Mentre qualcuno a Downing Street sta pensando di rispolverare la soluzione «ibrida» elaborata dall’esperto Raoul Ruparel per l’ex premier Theresa May (una sorta di doppio binario nel Mare d’Irlanda), altri stanno attaccando il Dup. È il caso di David Green, direttore del think tank Civitas e uomo molto vicino alla campagna Vote Leave. Sul quotidiano conservatore euroscettico per eccellenza, il Telegraph, ha scritto che «l’Irlanda del Nord è stata a lungo una pietra al collo per il resto del Regno Unito». Se Belfast impedisse all’Unione di «riprenderci la nostra indipendenza» per Green «sarebbe una tragedia storica». Poi la bomba: «È risaputo che al Regno Unito costa di più mantenere l’Irlanda del Nord che stare nell’Unione europea». Ecco i numeri: «Ogni anno paghiamo 7,8 miliardi di sterline per avere accesso a un mercato di circa 450 milioni di persone e ne paghiamo 8,8 a 1,8 milioni di persone nell’Irlanda del Nord».
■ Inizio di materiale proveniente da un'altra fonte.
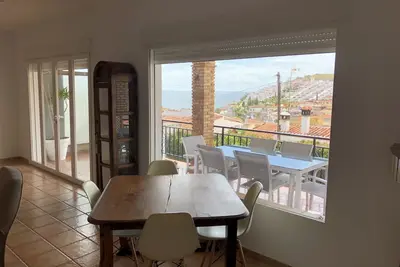 Image de Emplacement exceptionnel: Grande maison très claire, ensoleillée et vue mer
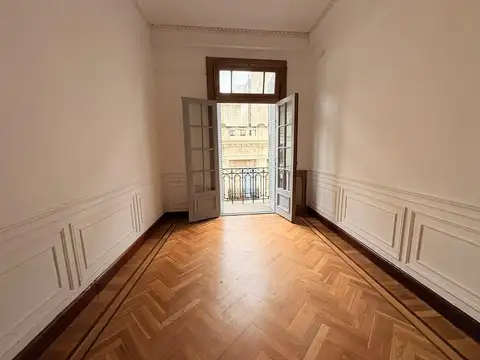 Departamento en Venta 90 años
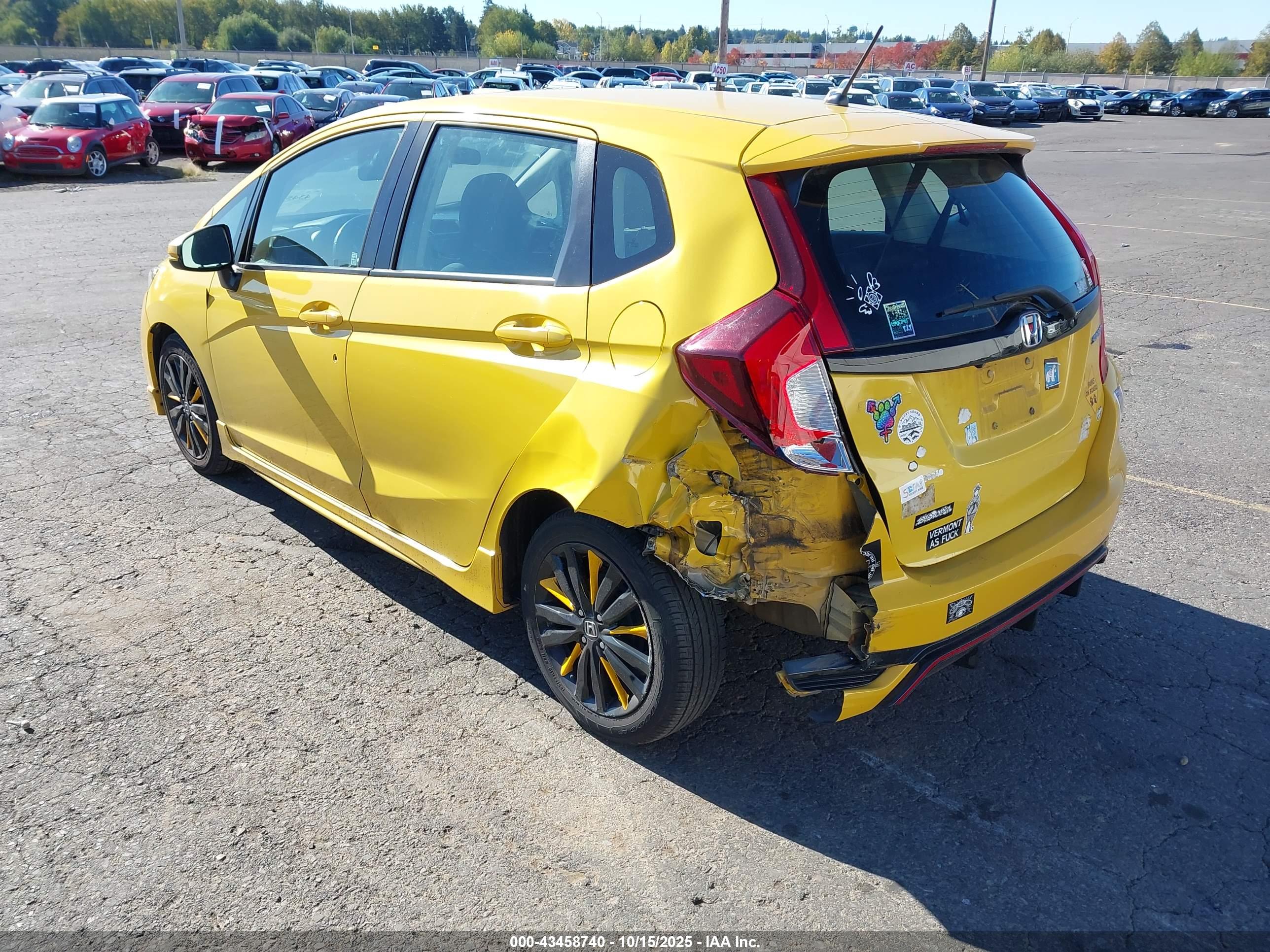 HONDA FIT image 3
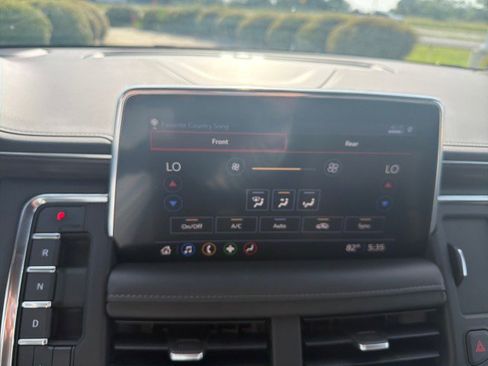 Used 2021 Chevrolet Tahoe LT RWD image 9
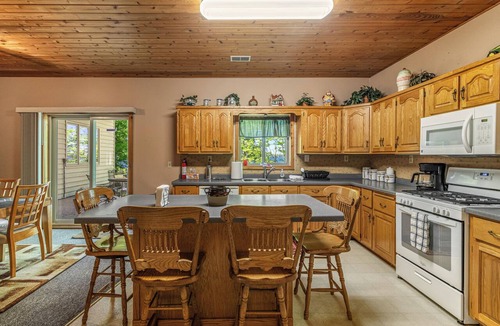 Stone Lake Cabin | Lookout Lodge | Eagle's Nest Views on Lac Courte Oreilles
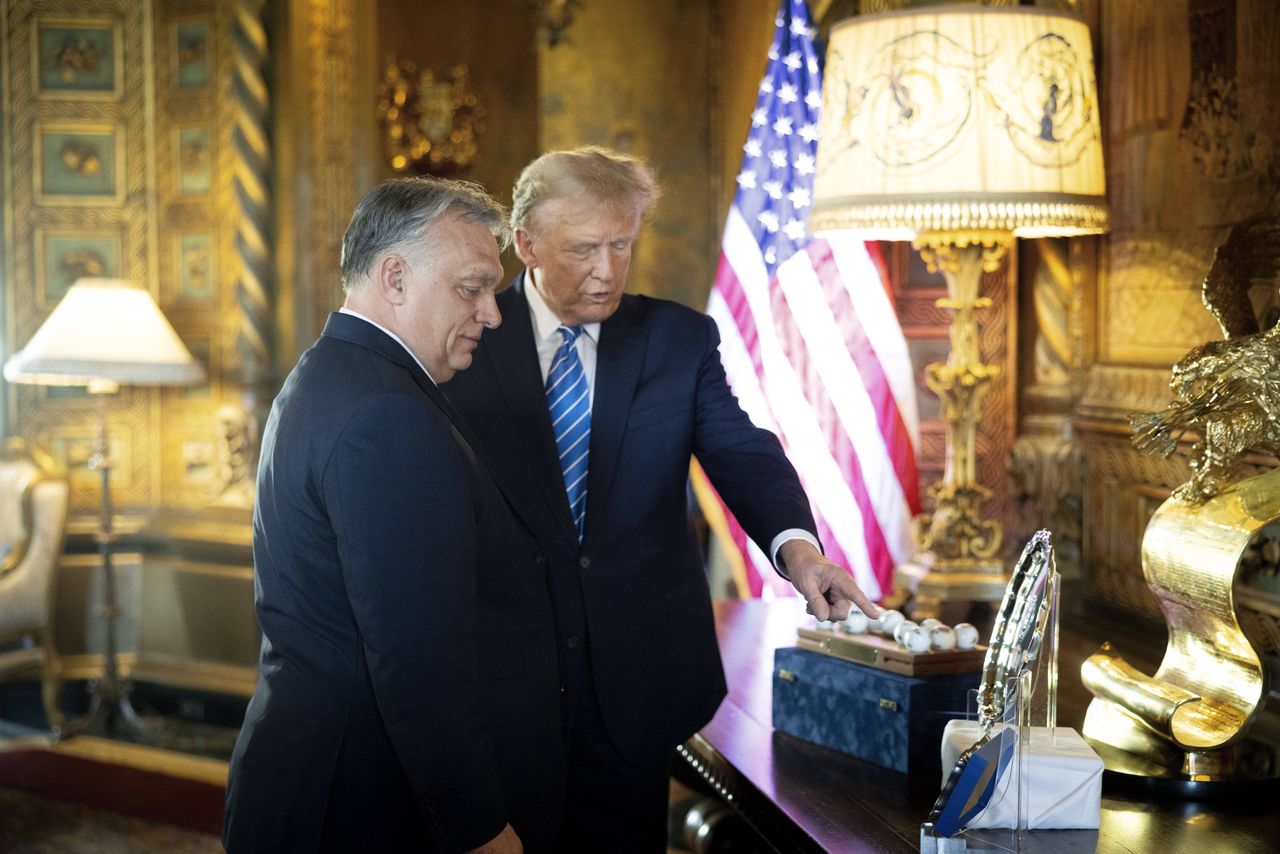 Hungarian Prime Minister Viktor Orban and former US President Donald Trump
epa11208140 A handout photo made available by the Hungarian Prime Minister's Office shows  
former US President and Republican presidential candidate Donald Trump (R) talking to Hungarian Prime Minister Viktor Orban during their meeting at Trump's Mar-a-Lago estate in Palm Beach, Florida, USA, 08 March 2024.  EPA/Zoltan Fischer / HANDOUT HANDOUT EDITORIAL USE ONLY NO SALES HANDOUT EDITORIAL USE ONLY/NO SALES HANDOUT EDITORIAL USE ONLY/NO SALES 
Dostawca: PAP/EPA.
Zoltan Fischer / HANDOUT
È proprio da questioni interne (come le differenze tra centro e periferia, il ritorno dei regionalismi ma anche l’eterna lotta tra correnti nel Partito conservatore) che nasce la Brexit, più che dal puro euroscetticismo. Ma quel progetto sta svanendo
Colpiscono due cose di questo editoriale: i toni duri, durissimi e il successo che ha riscosso nel mondo conservatore. Lo stesso che prima, quando c’era Theresa May, per prendere in mano il dossier Brexit soffiava sul fuoco del Dup e sulla volontà dei nordirlandesi a non essere trattati da britannici di serie B (quindi con un regime post Brexit diverso dal resto del Regno).
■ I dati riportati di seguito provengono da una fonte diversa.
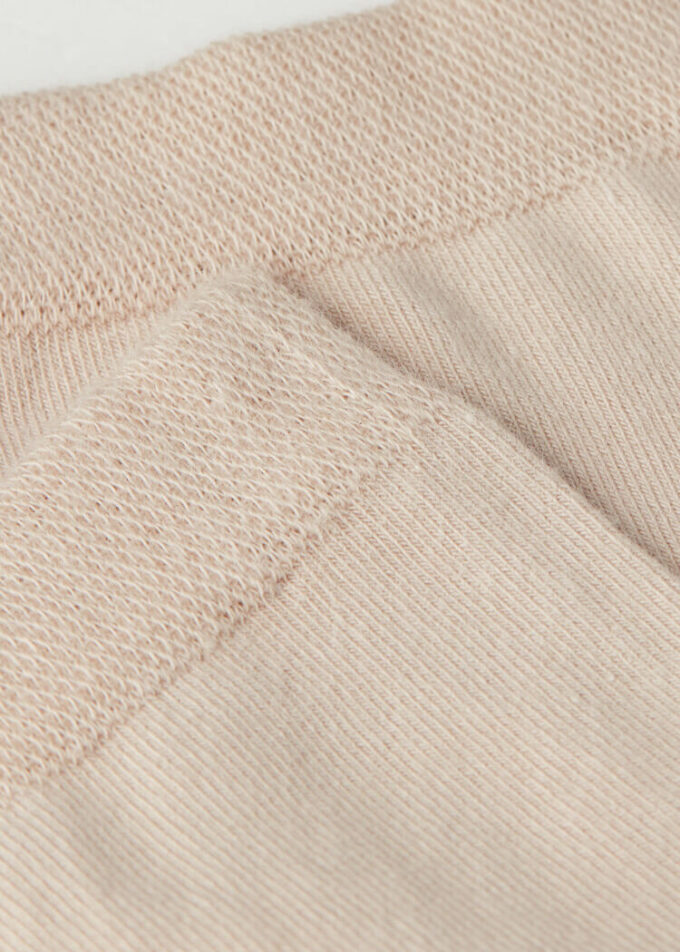 Kurze Socken mit verziertem Bündchen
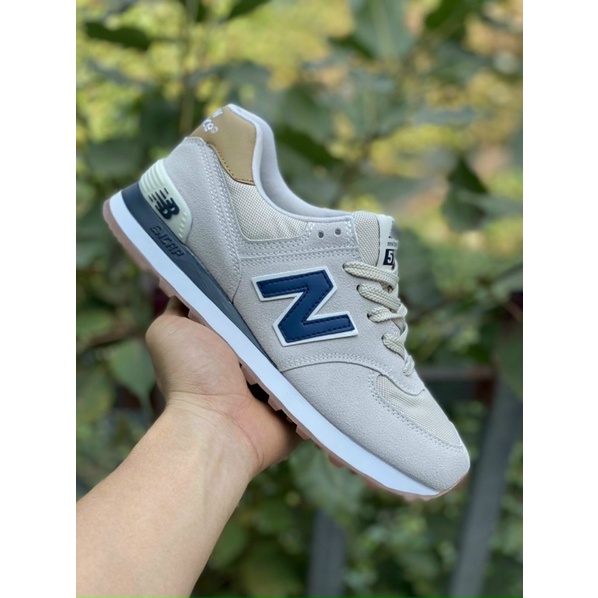 GIẦY THỂ THAO NAM NỮ THIẾT KẾ TRẺ TRUNG NĂNG ĐỘNG, PHỐI ĐỒ SIÊU ĐẸP CÁ TÍNH, HÀNG CAO CẤP CÓ SẴN.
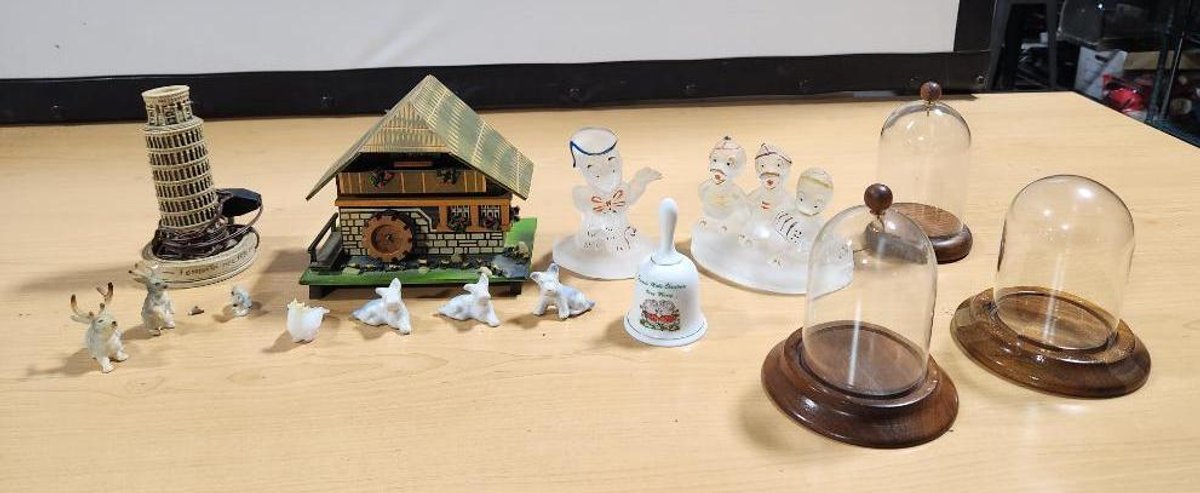 Colletibles,Miniatures w/ Three Glass Dome Covers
Johnson e i suoi avevano promesso il ritorno dell’impero, un’immagine forte per dare un nuovo patriottismo ai cittadini e distrarli da difficoltà del Paese come le disuguaglianze e, per fare solo un esempio, un sistema sanitario nazionale al collasso. È proprio da questioni interne (come le differenze tra centro e periferia, il ritorno dei regionalismi ma anche l’eterna lotta tra correnti nel Partito conservatore) che nasce la Brexit, più che dal puro euroscetticismo. Ma quel progetto sta svanendo. In Scozia è tornato a farsi sentire il fronte per l’indipendenza, il Galles è rientrato pienamente nell’orbita laburista dopo un timido avvicinamento alla destra e ora tocca all’Irlanda del Nord. Johnson non può permettersi di non avere un accordo il prossimo 31 ottobre: gli ultimi sondaggi dicono che potrebbe perdere la maggioranza alle prossime elezioni in caso di «no deal» o di nuovo rinvio. Così i suoi hanno deciso di picconare l’Irlanda del Nord. Ma facendo questo non soltanto hanno sepolto i sogni neoimperialistici, tradito l’alleato e messo già a rischio l’eventuale passaggio parlamentare dell’accordo. Hanno anche tradito il nome completo del loro partito: Partito conservatore e unionista.